В начале XV в. на защиту Иосифа встал Жан Жерсон. Он осуждал изображения, на которых приемного отца Христа представляли как тщедушного старика. Ведь если он сам нуждался в заботе, как он мог позаботиться о Святом семействе? Демонстрируя его немощь, художники обесценивают его целомудрие — ведь если оно было не добровольным, а вынужденным, в нем уже нет добродетели. Если бы в момент женитьбы на Марии Иосиф был глубоким старцем, над ним стали бы потешаться, а это помешало бы реализации Божьего замысла — все должны были считать, что он отец ребенка. Жерсон настаивал, что на самом деле Иосифу было где-то от 30 до 50 лет[213]. На Констанцском соборе (1414–1418) Жерсон призвал прелатов учредить праздник в честь обручения Иосифа с будущей Матерью Богочеловека и признать Иосифа величайшим, после Марии, святым.

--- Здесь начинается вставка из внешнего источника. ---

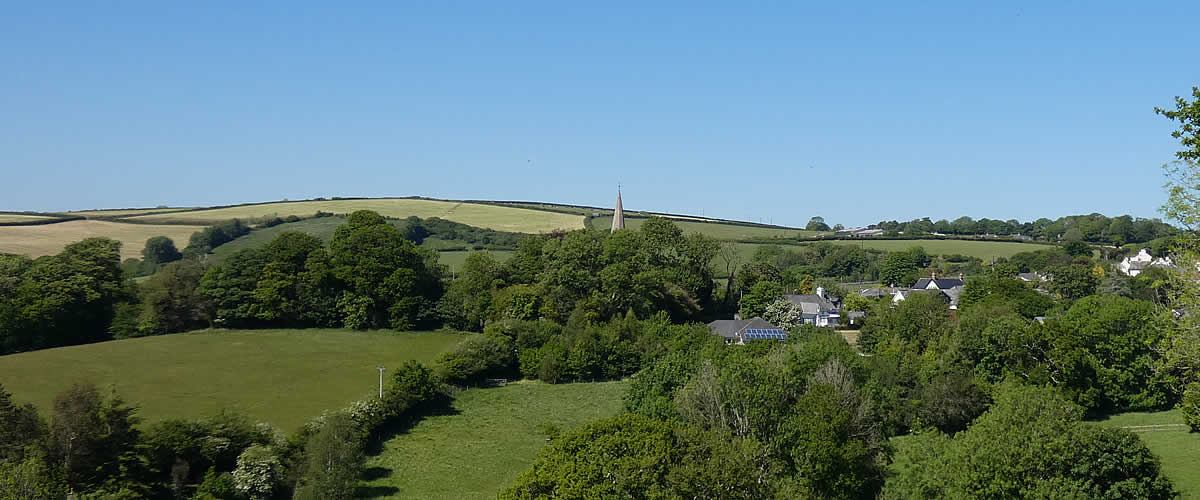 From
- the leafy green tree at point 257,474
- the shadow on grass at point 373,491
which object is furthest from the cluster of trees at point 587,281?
the leafy green tree at point 257,474

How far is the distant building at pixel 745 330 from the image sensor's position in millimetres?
61438

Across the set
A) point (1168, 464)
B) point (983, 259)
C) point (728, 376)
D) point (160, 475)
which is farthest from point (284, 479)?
point (983, 259)

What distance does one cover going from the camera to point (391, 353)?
167 feet

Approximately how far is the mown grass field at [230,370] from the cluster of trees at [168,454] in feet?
15.7

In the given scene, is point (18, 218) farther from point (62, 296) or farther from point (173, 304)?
point (62, 296)

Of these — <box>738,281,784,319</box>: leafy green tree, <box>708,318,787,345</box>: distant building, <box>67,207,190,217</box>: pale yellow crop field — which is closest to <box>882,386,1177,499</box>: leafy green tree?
<box>708,318,787,345</box>: distant building

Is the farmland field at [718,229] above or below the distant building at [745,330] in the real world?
above

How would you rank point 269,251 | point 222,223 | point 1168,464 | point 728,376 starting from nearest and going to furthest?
point 728,376
point 1168,464
point 269,251
point 222,223

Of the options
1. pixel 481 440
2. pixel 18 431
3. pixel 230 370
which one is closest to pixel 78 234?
pixel 230 370

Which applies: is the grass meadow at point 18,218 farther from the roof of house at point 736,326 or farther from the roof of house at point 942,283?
the roof of house at point 942,283

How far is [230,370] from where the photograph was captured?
43375mm

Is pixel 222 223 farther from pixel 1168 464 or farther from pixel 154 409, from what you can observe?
pixel 1168 464

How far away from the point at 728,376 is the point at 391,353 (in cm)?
2908

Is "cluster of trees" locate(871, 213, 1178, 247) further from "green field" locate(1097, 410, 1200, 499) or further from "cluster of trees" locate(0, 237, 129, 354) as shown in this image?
"cluster of trees" locate(0, 237, 129, 354) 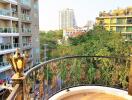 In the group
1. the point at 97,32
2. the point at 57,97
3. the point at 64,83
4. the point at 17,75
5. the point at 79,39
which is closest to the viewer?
the point at 17,75

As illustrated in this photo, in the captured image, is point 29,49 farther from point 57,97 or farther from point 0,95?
point 57,97

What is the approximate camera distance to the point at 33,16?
25.2 metres

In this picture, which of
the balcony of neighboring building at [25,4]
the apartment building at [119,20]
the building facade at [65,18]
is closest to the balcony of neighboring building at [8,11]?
the balcony of neighboring building at [25,4]

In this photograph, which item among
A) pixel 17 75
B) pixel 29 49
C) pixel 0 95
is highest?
pixel 17 75

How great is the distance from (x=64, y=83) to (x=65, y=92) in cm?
87

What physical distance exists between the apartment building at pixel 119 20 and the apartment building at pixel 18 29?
14331 millimetres

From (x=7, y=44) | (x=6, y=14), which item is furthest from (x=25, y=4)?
(x=7, y=44)

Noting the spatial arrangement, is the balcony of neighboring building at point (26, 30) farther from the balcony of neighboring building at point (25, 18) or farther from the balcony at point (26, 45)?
the balcony at point (26, 45)

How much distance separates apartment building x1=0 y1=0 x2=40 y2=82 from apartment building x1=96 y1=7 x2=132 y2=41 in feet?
47.0

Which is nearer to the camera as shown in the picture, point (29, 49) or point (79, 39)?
point (79, 39)

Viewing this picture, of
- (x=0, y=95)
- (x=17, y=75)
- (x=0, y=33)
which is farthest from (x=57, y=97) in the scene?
(x=0, y=33)

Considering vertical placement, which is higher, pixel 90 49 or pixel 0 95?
pixel 90 49

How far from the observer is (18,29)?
21.3m

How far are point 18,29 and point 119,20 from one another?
20.6 m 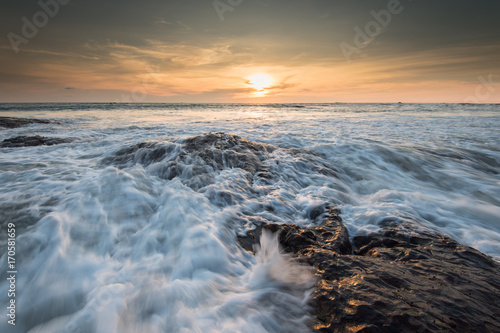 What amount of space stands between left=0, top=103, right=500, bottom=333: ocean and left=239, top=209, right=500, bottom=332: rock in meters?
0.22

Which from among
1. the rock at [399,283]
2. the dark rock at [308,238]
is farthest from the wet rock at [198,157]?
the rock at [399,283]

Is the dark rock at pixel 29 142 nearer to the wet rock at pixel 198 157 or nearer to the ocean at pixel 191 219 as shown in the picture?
the ocean at pixel 191 219

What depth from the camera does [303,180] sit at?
5125 mm

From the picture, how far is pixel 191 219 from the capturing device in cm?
339

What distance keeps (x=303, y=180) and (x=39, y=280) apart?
14.5ft

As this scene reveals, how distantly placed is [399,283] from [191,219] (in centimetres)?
259

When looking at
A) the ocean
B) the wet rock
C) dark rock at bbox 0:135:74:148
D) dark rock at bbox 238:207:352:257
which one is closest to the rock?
dark rock at bbox 238:207:352:257

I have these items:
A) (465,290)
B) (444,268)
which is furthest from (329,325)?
(444,268)

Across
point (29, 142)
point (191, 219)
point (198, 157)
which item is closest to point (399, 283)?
point (191, 219)

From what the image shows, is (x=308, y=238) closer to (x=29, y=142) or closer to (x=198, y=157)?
(x=198, y=157)

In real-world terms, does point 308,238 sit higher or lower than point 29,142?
lower

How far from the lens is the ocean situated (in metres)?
2.11

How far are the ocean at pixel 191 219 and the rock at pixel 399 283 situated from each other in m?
0.22

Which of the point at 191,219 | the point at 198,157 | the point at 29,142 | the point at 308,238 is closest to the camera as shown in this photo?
the point at 308,238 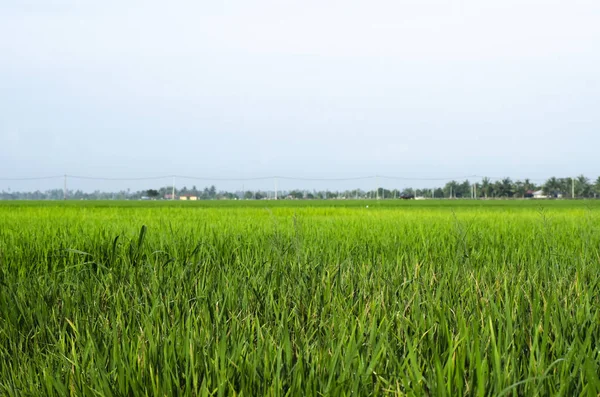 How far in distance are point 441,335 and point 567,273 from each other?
1.08 meters

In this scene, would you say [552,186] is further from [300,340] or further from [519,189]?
[300,340]

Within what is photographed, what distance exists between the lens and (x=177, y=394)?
856 mm

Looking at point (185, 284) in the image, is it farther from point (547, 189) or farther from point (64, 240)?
point (547, 189)

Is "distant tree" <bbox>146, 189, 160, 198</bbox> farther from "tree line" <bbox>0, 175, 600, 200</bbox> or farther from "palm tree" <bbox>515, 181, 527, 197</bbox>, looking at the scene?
"palm tree" <bbox>515, 181, 527, 197</bbox>

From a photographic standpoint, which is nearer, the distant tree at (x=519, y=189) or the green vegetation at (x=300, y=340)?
the green vegetation at (x=300, y=340)

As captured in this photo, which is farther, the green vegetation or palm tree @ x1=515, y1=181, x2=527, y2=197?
palm tree @ x1=515, y1=181, x2=527, y2=197

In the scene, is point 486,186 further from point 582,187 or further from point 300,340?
point 300,340

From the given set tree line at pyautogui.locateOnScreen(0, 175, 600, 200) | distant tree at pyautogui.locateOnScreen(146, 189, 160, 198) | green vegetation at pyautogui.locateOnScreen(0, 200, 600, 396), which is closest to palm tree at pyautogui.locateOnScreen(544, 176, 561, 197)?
tree line at pyautogui.locateOnScreen(0, 175, 600, 200)

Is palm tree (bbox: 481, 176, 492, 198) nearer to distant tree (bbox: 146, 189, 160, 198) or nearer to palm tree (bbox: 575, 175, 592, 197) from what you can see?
palm tree (bbox: 575, 175, 592, 197)

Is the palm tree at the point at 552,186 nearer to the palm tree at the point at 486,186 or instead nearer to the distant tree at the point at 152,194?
the palm tree at the point at 486,186

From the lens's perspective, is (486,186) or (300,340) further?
(486,186)

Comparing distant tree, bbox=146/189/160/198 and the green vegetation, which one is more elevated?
distant tree, bbox=146/189/160/198

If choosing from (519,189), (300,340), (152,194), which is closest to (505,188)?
(519,189)

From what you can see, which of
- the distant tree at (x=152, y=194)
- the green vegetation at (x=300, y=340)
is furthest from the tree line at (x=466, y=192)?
the green vegetation at (x=300, y=340) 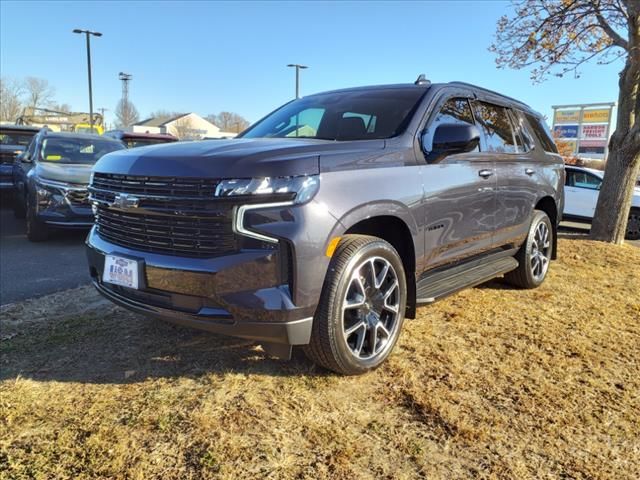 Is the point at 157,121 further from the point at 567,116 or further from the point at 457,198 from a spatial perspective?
the point at 457,198

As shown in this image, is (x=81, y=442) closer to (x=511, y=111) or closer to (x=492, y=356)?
(x=492, y=356)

Жерсон видел в нем преданного кормильца Святого семейства, идеальное сочетание деятельной и созерцательной жизни и образец смирения — потомок царя Давида был простым плотником и трудился в поте лица, чтобы прокормить жену и приемного сына, которого ему было суждено воспитать как своего [195]. В отличие от мучеников, которые совершили сверхчеловеческий подвиг во имя веры, или святых монахов, которые ушли из мира с его привязанностями, Иосиф мог служить образцом для мирян. Его преданность жене и приемному сыну показывала, как семейная жизнь тоже может быть озарена благодатью и стать дорогой к спасению[214]. Усилия Жерсона в его времена оказались тщетны. Однако в конце XV в. культ св. Иосифа все же получил официальное признание [196]. В 1479 г. папа Сикст IV включил день его памяти (19 марта) в общецерковный календарь.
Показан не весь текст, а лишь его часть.